De cette interrogation naît tout le travail de tissage entre les mots du poète français et ceux de la poète américaine. Intitulée E/J, la partie IV de l’ouvrage, lie en correspondance étroite le Jaune de Juliau et la blancheur estivale d’Emily.
EXTRAITS DE LA FACE NORD DE JULIAU, SEPT
« Avec Emily je pense que la couleur a une histoire plus
ancienne que nos yeux. Mais ils doivent l’inventer, la
fouiller.
Nue, nuées sont des mots convenables pour avancer;
terre aussi, mais ils ne sont possibles que pour décrire une
compulsion, et conduire une telle description ― au sens de :
ne pas avoir besoin d’écrire ― est finalement impossible.

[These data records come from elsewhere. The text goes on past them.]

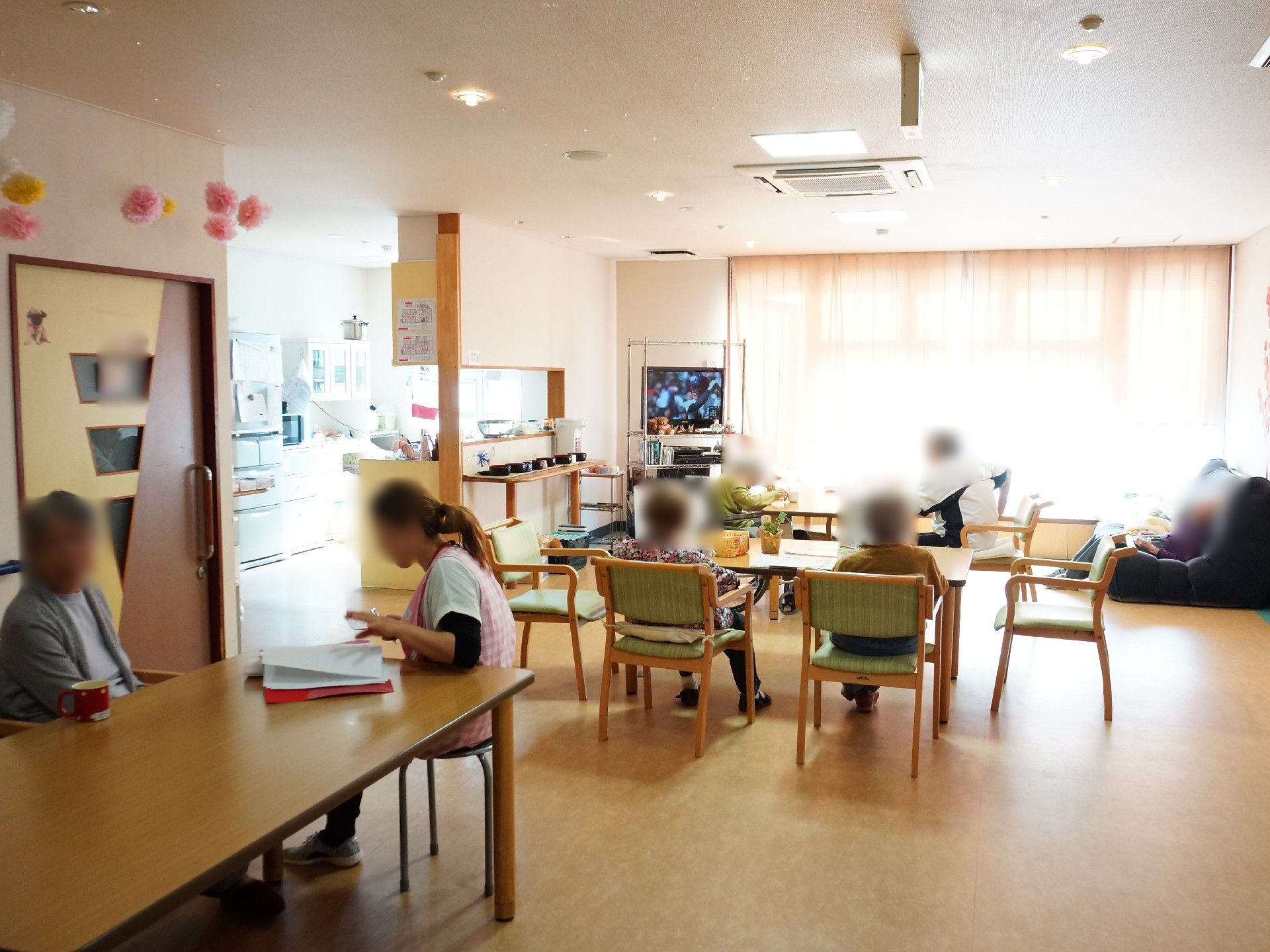食堂でくつろぐご入居者様と、サポートを行うスタッフ。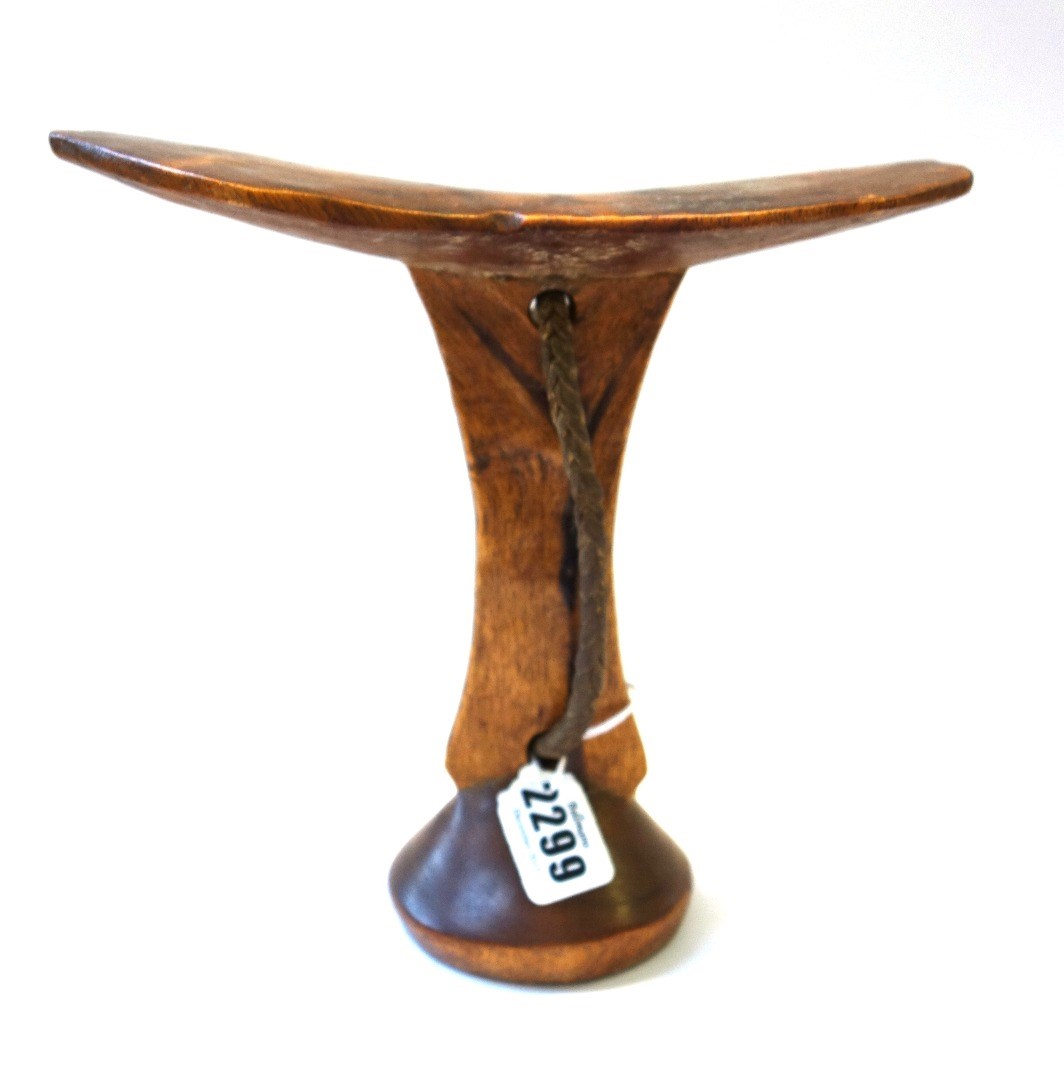 Appraisal: An African hardwood headrest early th century raised on a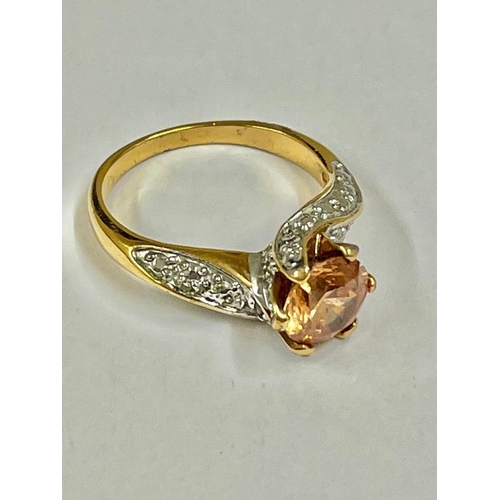 244 - A vintage diamond and orange stone ring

Jaune de la même couleur que
Jaune aussi et d’autres questions
pulvérisées par le brun rose inassouvi
[…]
Je vois Emily prise dans l’attractif
elle s’éloigne de face
elle est à peu près incolore et terrible
je la vois seule mariée en toute saison
dans la gaze de la fracture
…
blancheur du pouls, de l’orage
blancheur générale de qui aime
puis l’érogène imprévisible
presque une flaque de genêts
[…]
Il y a du sentier de Amherst sur la colline
la chair n’est pas qu’un ouï-dire
seul l’aspect enjoué est devenu fictif, adorable
comme un nuage de femme retranché dans un brûlot
…
un même frou-frou tremble dans les genêts
écrire ne soulève pas que du verre
est-ce qu’on ne risque pas de la tuer comme ça ?
[…]
tout un été en Emilie
…
« ― Chaque Nuit l’Échéance ―
Chaque jour ― la faillite ― »
…
découpé en lanières
avec des angles morts, des tirets, des rongeurs
E est J en jaune tout entier
remontée ex aequo en colline
sous le ruban jaillisseur
…
Juliau vidé d’une substance maintenant ouverte
paupières éteintes »
Nicolas Pesquès, La Face nord de Juliau, sept, André Dimanche Éditeur, 2010, pp. 87, 91, 94, 109.